My only qualm was a pre-dinner palate cleanser of mango sorbet. To be frank, I just didn’t get it. It’s a bit unnecessary and doesn’t make sense in a place that’s serving curly fries as a side.
That singular miss was made up for, however, with really good service from the friendly waitstaff. Admittedly, my bar is set pretty low for service in a country where it often seems like you’re an uninvited guest in someone’s home when you eat out at restaurants.
In María Bonita’s romantic atmosphere, our waitress was observant but not overbearing.

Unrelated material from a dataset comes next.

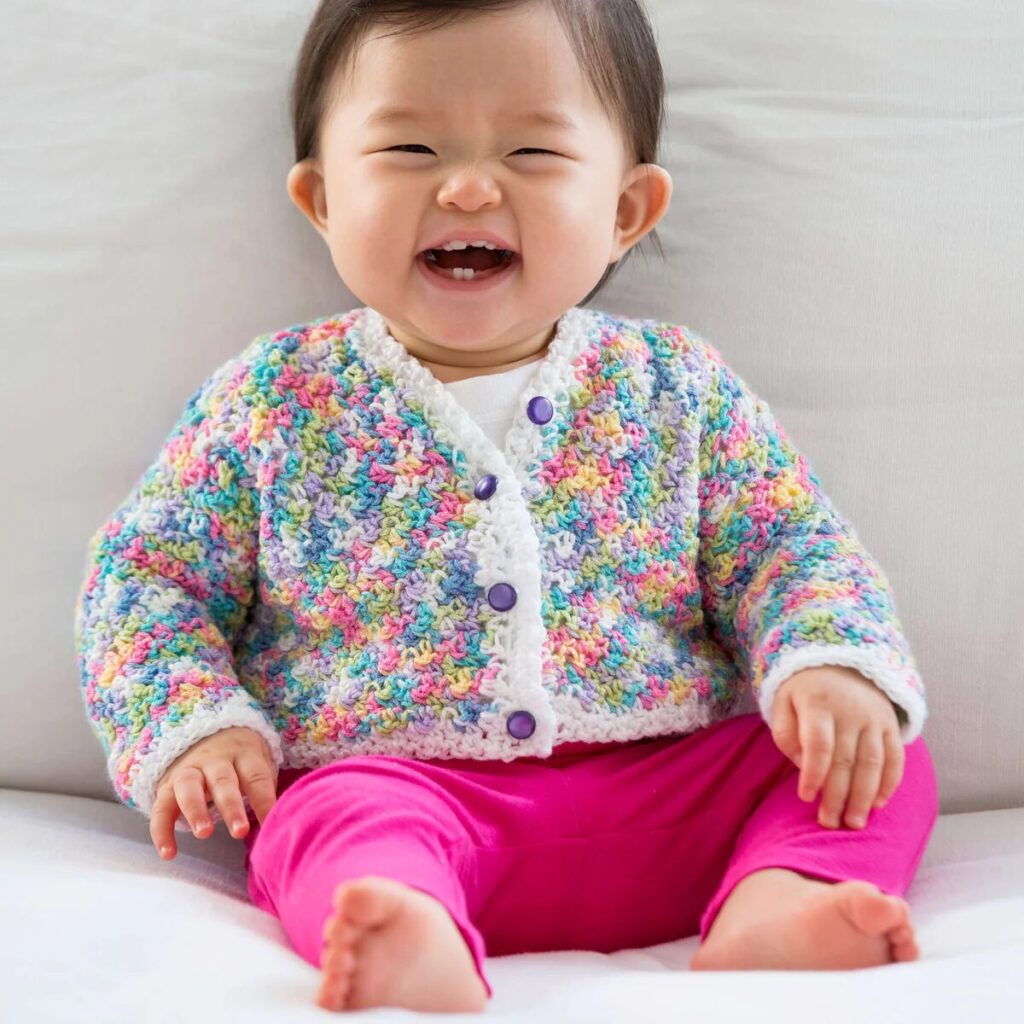 Free Crochet Baby Cardigan Patterns Pinterest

With an already great assortment of food, it’s that kind of service that makes the meal.
— Michael Krumholtz
5. Rancho Perla
When we first pulled up to this restaurant, a half-dozen tour buses had beaten us here, and Japanese tourists were snapping photos of a low-hanging sloth. Not a bad sign on either count, I thought — all these tour operators wouldn’t be bringing their clients to a place with bad food, would they, and how cool is it to eat your lunch within view of a sloth?
Located 100 meters behind Arenal Backpackers Resort, Perla offers an excellent sampling of Costa Rican cuisine — seafood, beef, pork, chicken, salads and more, all of it artfully presented and thoughtfully served.
“We offer white meat, red meat, exotic meat, seafood, fish, different preparations,” said owner Hugo Salas Chaves. “Many times we leave it to the preference of the customer, what he wants, because you know that the way people eat, not everybody wants what’s on the menu.”
Hugo is nicknamed Perla, the Spanish name of a black girl with wild hair from the old “Our Gang” TV show.
“I didn’t comb my hair in school, and my hair is kinky, so they called me Perlita from ‘Our Gang,’” he said. “People sometimes call asking for la señora Perla, and I tell them there’s no Señora Perla here.”
I had a delicious chicken in peanut sauce here, and Guiselle raved over the cream of tomato soup, which she special-ordered to include tortillas and cheese, turning it into Azteca soup.
Perla said seafood remains his popular menu item. “People are inclined nowadays more than anything toward fish. We serve a lot of salmon, tuna, dorado, seabass, tilapia, and many times, in season, wahoo. Fishermen really like that. It’s a fish that’s not so easy to catch.”